Britain’s firefighters must consider carefully the gravity of the situation they face. The past weeks have stripped the veil from the “third way” rhetoric of Prime Minister Tony Blair and exposed Labour as a government of strike breakers in the service of big business.

In a series of public statements the government has made clear that it intends to defeat the strike by UK firefighters over pay and conditions by whatever means are deemed necessary. That was the meaning of Blair’s televised press conference on November 25, in which he insisted that economic policy must be governed by corporate interests.

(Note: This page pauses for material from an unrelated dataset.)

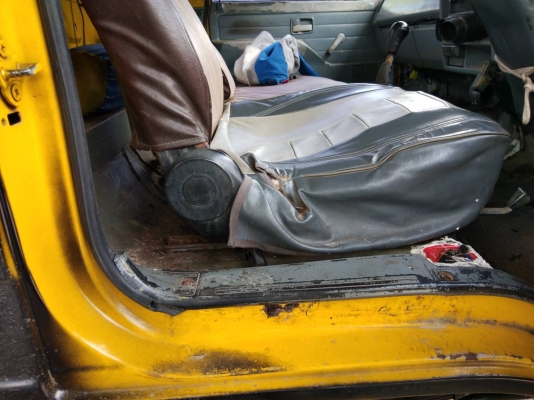 ขายหัวรถ ISUZU NPR หัวเก็บสีแล้วสวย ขายตามสภาพนี้ ขายหัวรถ ISUZU NPR หัวเก็บสีแล้วสวย ขายตามสภาพนี้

“If we were to concede this pay claim, the economic consequences would be dire,” he warned. The government would not allow, “pay settlements that risk driving up inflation, interest rates and unemployment, and we are not going to allow the record investment in public services to be swallowed up simply in extra pay.”

Blair was putting the entire working class on notice. Firefighters, he said, “are not the only public sector workers who do important jobs. Nurses do a great job, so do teachers, so do the police so, as we are seeing once again, do the Armed Forces and many of these are paid far less than fire-fighters.... I think you and I know that most public sector workers will argue that they are special case.”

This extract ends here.